= Samuel Roger Horchow =

American entrepreneur and stage producer (1928–2020)

Samuel Roger Horchow (July 3, 1928 – May 2, 2020) was an American retailer and Broadway producer.

Horchow was born in Cincinnati, Ohio, the son of Beatrice (Schwartz) and Reuben Horchow, an attorney. In 1971, he started The Horchow Collection, the first luxury mail-order catalog that was not preceded by a brick-and-mortar presence. The first catalogs (which were called books by Roger) were photographed by The Photograpers Incorporated, in Dallas, Texas. He sold the Horchow Collection to Neiman Marcus in 1988.

In 1992, he produced his first Broadway show, Crazy for You, a George Gershwin musical, for which he won the Tony Award for Best Musical. The London version of Crazy for You won the Laurence Olivier Award for Best Musical. Though Crazy for You was inspired by an earlier Gershwin musical, Girl Crazy, which opened in 1930, theater critics and the American Theater Wing ultimately considered it to be a "new musical." Crazy for You was directed by Mike Ockrent and choreographed by Susan Stroman.

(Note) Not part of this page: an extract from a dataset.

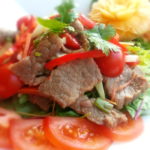 Thai Salat mit Rindfleisch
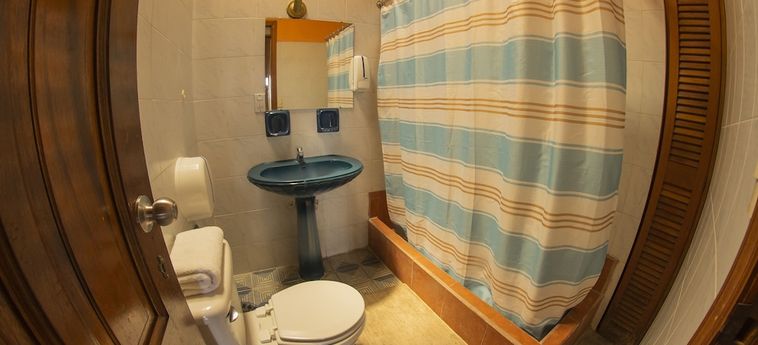 Hotel Euro Hostal:  GUATEMALA CITY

In 2000, Horchow and co-producer Roger Berlind staged a revival of Cole Porter's Kiss Me, Kate, for which he won his second Tony Award, for Best Musical Revival.

In 2007, Horchow along with other producers produced Curtains, a comedic murder mystery nominated for 8 Tony awards and 10 Drama Desk awards and in 2008 was a minor producer in the Broadway revival of Gypsy with Patti LuPone.

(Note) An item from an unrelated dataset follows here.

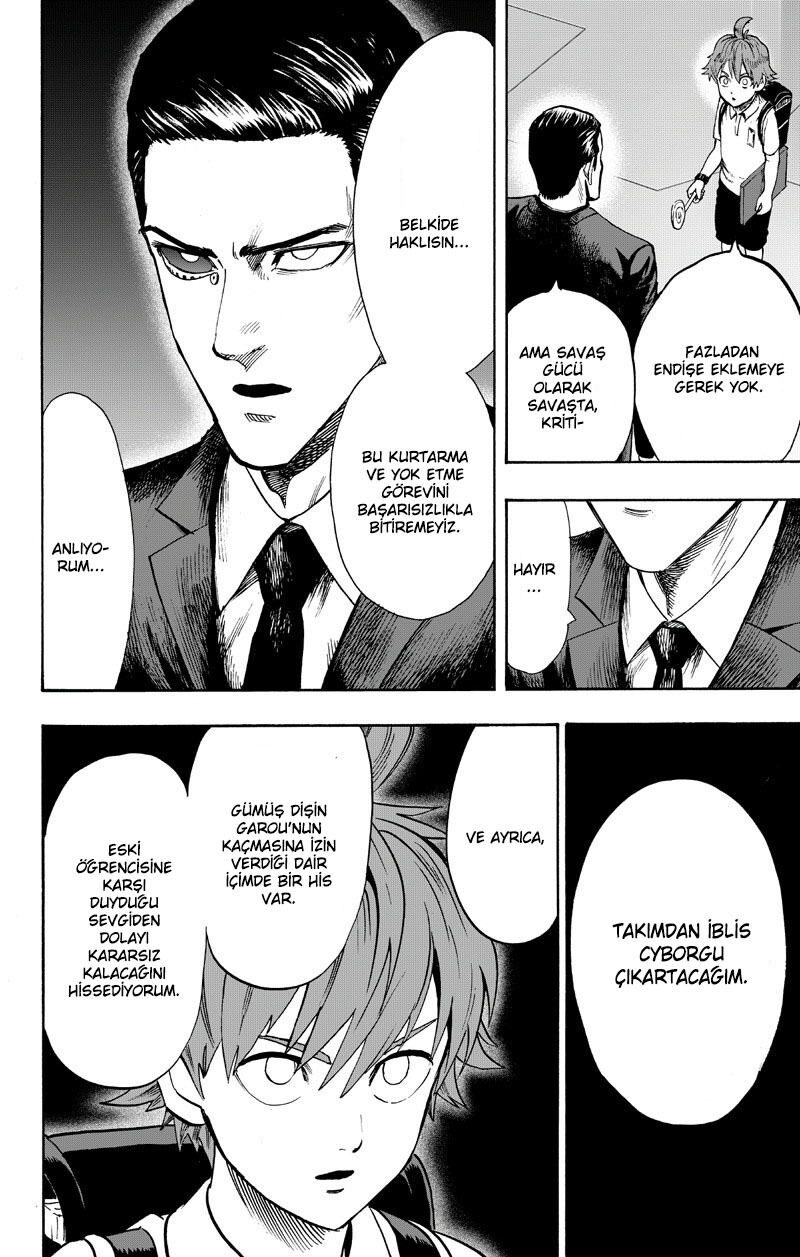 Read One Punch-Man TR Manga Online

Horchow was a member of The Hill School Class of 1945. In 2002 he received the school's highest alumni honor, The Sixth Form Leadership Award. Horchow was awarded an honorary doctorate by his alma mater, Yale University, in 1999, and is one of the subjects of The Tipping Point (Little, Brown, 2000) 2002 edition ISBN 0-316-34662-4, an influential book by Canadian writer Malcolm Gladwell in The New Yorker.

Horchow was the author of three books, "The Art of Friendship: 70 Simple Rules for Making Meaningful Connections" (St. Martin's Press, 2006 and Neiman Marcus Exclusive, 2005) ISBN 0-312-36039-8, Elephants in Your Mailbox: How I Learned the Secrets of Mail-Order Marketing Despite Having Made 25 Horrendous Mistakes (Times Books, 1980) ISBN 0-8129-0891-0, and Living in Style: In A Time When Taste Means More Than Money (Rawson Assoc, 1981) ISBN 0-89256-166-1.

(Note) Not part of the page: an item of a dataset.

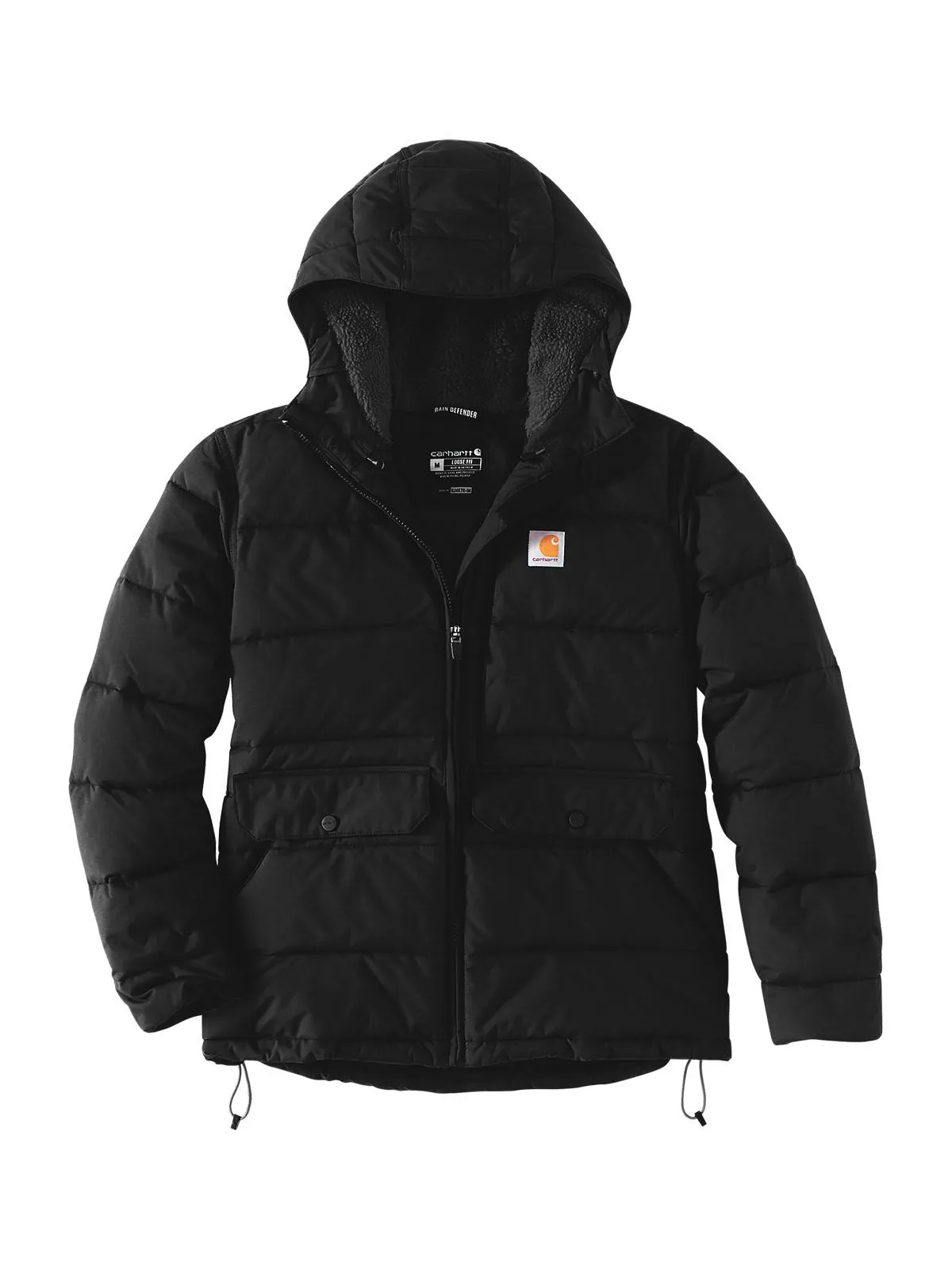 105457&#x20;Women&#x27;s&#x20;Work&#x20;Jacket&#x20;Montana&#x20;Lined&#x20;Carhartt&#x20;-&#x20;Black&#x20;-&#x20;L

Horchow was on the Board of Selectors of Jefferson Awards for Public Service. Horchow served on the board of the Museum of Modern Art, New York, Whitney Museum, Dallas Museum of Art and Yale University Art Gallery. He was Vice-Chairman of KERA Public Radio, Dallas, TX. Dallas Theater Center, Foundation for Arts and Preservation in Embassies, Direct Relief International (Advisory Board). His wife, Carolyn Pfeifer, died in 2009.

Horchow lived in Dallas and had three daughters and five granddaughters.